Lumada Data Catalog provides data management and data representation with its own logical data entities, including the following assets:
Use virtual folders to create smaller groups of resources belonging to a data source for easier management. Data resources can be members of multiple folders, so you can create folders with overlapping sets of data resources.
When you have a growing set of data that extends across multiple files in Lumada Data Catalog, you can view the data as a single resource known as a collection.
When files are added to one of the directories identified as part of the collection, Lumada Data Catalog needs to run schema and profile discovery to reflect the newly added data in the collection.
When a folder becomes a collection, the files inside the folder no longer appear individually in search results. Instead, search results show a single representation of all the files. The collection can be made up of files in a single folder or files in many folders all under a single top-level folder.
Datasets in Data Catalog allow users to create groups of resources having the same schema and span different folders in your data lake, into a single virtual unit for easier management.
Datasets can be considered as user-defined virtual collections that have the matching schema but may have different path specifications/hierarchy with respect to physical location in your data lake irrespective of their data source type.
Datasets are a single virtual unit comprised of groups of resources that have the same schema and span different folders in your data lake. Creating datasets in Data Catalog provides users with easier management of resources.
You might consider datasets as user-defined virtual collections that have the matching schema, but different path specifications or different hierarchies in respect to physical location in your data lake, irrespective of their data source type.
Data objects are virtual resources created by users who define a set of join conditions between resources. Users may have access to multiple resources which they can join together as a data object to find specific information easily.
For example, a user may have access to a resource for tabulating employee contact information, another resource for tabulating employee skills, and a third resource for tabulating employee assignments for a specified project. If this user wants to gather contact information and skillset information for all employees assigned to a specific project, then they can create a data object to build a resource by defining join conditions between all three of these resources.

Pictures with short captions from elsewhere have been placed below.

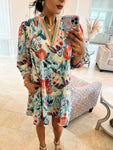 Seafoam Floral Dress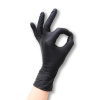 Mercator Medical Nitrylex Black Nitrilové rukavice čierne 100 ks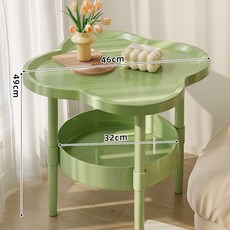 침대 협탁 침실 거실 사이드 테이블 수납장 쇼파, 그린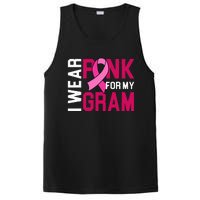 I Wear Pink For My Gram Breast Cancer Awareness Grandchild PosiCharge Competitor Tank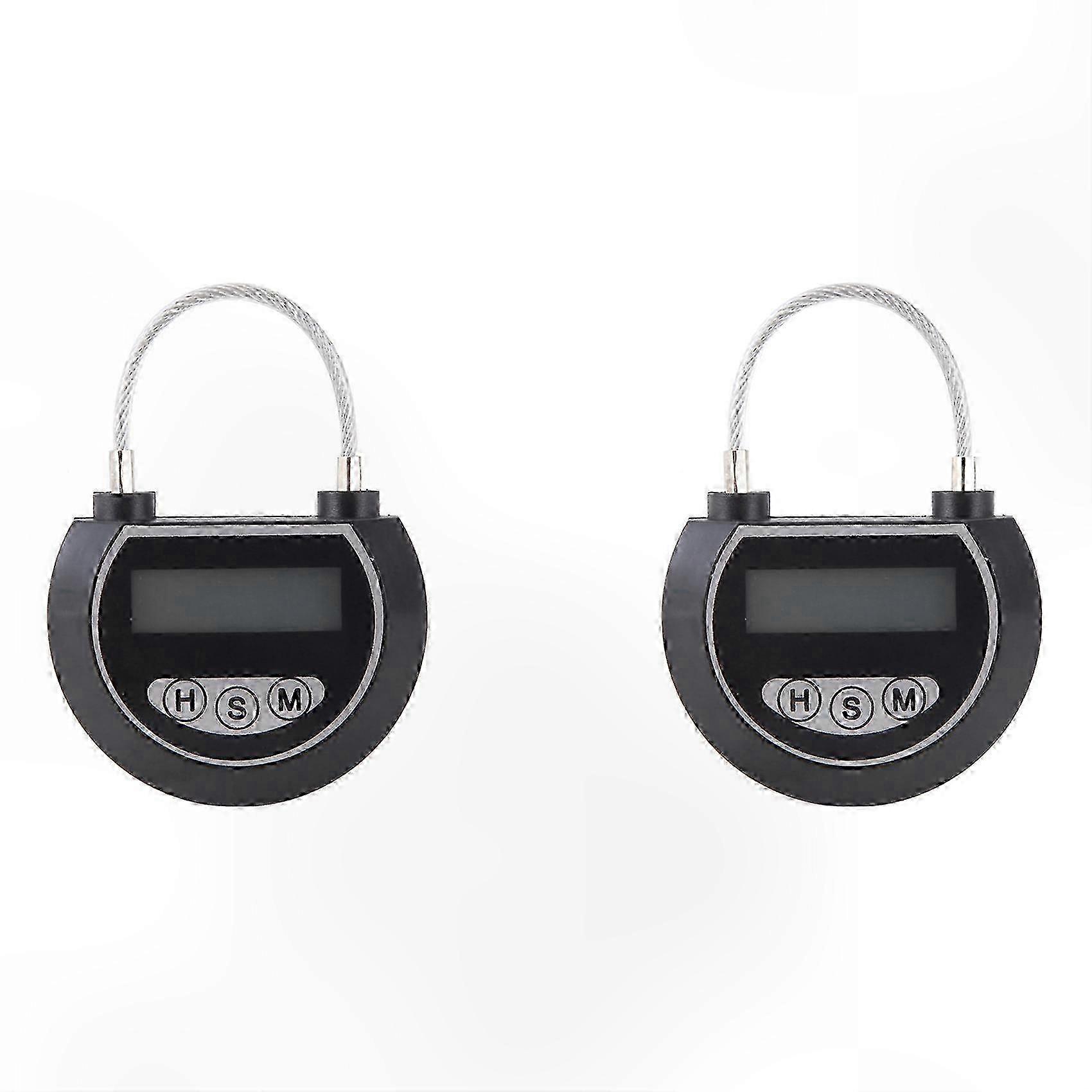 Dual Electronic Time Lock Timer Container with Multi-Function for Toy Storage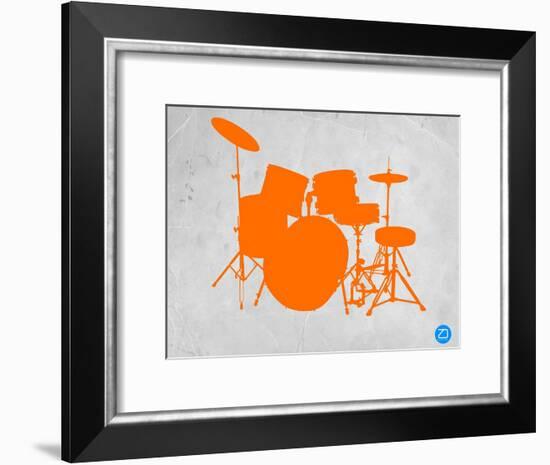 Orange Drum Set-NaxArt-Framed Art Print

Custom properties collect additional metadata about resources specific to a business user's environment or engagement. For example, you could define a custom property to include a business user's name for a resource. Or, you could define a property that includes values that are used by system-level processes.
Additionally, you can group these properties together in custom property groups based on their business value or category. Custom properties can be moved individually or in bulk across custom property groups. You can then use custom property groups as custom facets in the search results with search dimensions.
Search dimensions and custom facets
As the admin, use search dimensions to control the visibility of facets in the search results for an end user. When a search dimension is defined for a specified role, the users with that role can then see the search results categorized by the search dimensions defined for that role.
For example, the admin can limit the search results for the Analyst role to the categories Rating, Resource Tag, Virtual Folder, and the custom facet Claims, which is specific to business users. For Analyst users, search results are faceted depending on the search dimensions set by the admin: Rating, Resource Tag, Virtual Folder, and Claims.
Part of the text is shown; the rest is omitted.